The term “pass through costs or reimbursement” has not been defined in the Federal Decree-Law No. 47 of 2022 on the Taxation of Corporations and Businesses (“UAE Corporate Tax Law”). However, the Transfer Pricing (“TP”) Guide issued by the Federal Tax Authority describes a pass-through cost or reimbursement arrangement as an arrangement wherein a Group company arranges and pays on behalf of its “Related Parties or Connected Persons” for goods or services acquired from various vendors.

Treatment of pass-through costs as per the UAE TP Guide

A primary step in relation to pass-through costs is to determine whether the cost to be reimbursed should be charged at a mark-up/profit element or at the actual cost incurred by the provider.

As per section 7.2.2.3 of the UAE TP Guide and in accordance with the Organisation for Economic Co-operation and Development (“OECD”) TP Guidelines, the group service provider may pass on the costs of the acquired services to its related parties or connected persons without a mark-up, provided that:

  • The acquired goods or services are requested by and for the benefit of the related parties or connected persons;
  • The Group service provider is merely the paying agent and does not enhance the value of the acquired goods or services in the process whatsoever; and
  • The costs of the acquired goods or services is the legal or contractual liability of the related parties or connected persons. This condition can be met even if the Group service provider is legally or contractually liable to pay for the acquired goods or services through an inter-company agreement.

The Group service provider should nonetheless charge an appropriate arm’s length mark-up for its function in arranging and paying for the acquired goods or services on behalf of its related parties or connected persons especially when the group service provider adds significant functions or provides value-added services. The mark-up should be based on the aggregate costs of performing the function and should reflect the nature of its own services as well as the extent of the value-addition generated for the related parties or connected persons.

Insights into practical implications

  • Reimbursements paid

In the case of reimbursements paid by a UAE entity to its foreign related party, if it can demonstrate the existence of a back-to-back arrangement with sample copies of invoices, the transaction of reimbursement may generally not be subject to intense scrutiny by the FTA. However, it important to note that where payments are, in effect, for services rendered by related parties or as global cost allocations, taxpayers must demonstrate actual receipts of services and the benefits derived.

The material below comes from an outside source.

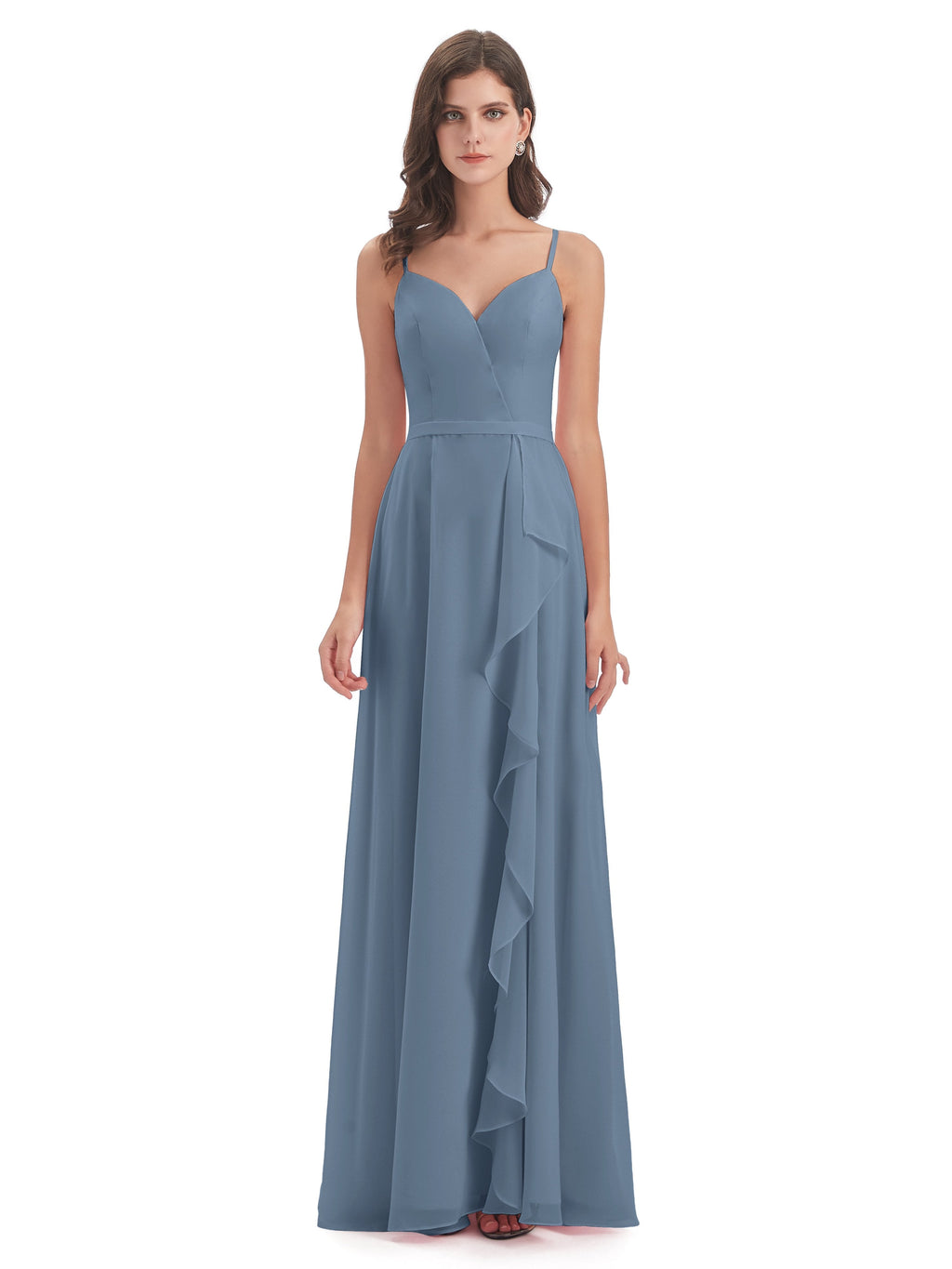 Delilah Sheath Spaghetti Straps Chiffon Long Bridesmaid Dresses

  • Reimbursements received

Reimbursements received by an UAE entity from its related parties could be subject to a detailed scrutiny as compared to the reimbursement paid. Further, if such recoveries are for some services provided by the UAE taxpayers to their foreign related parties, the UAE entity is expected to charge a mark-up on the value of such recoveries.

  • Arms’ length value for reimbursements

Pure reimbursements of third-party costs, where the UAE entity or the foreign entity (as the case maybe) does not add any value can be cross charged without any mark-up and the same shall be accepted to be at arm’s length.

While there exist contradictory views with regards to benchmarking of reimbursement transactions to demonstrate their arms’ length nature, where the expenses are reimbursed on a cost-to-cost basis, no independent benchmarking is required. Instead, demonstrating the reasonableness of the allocation keys applied could be accepted by the tax authorities as adequate.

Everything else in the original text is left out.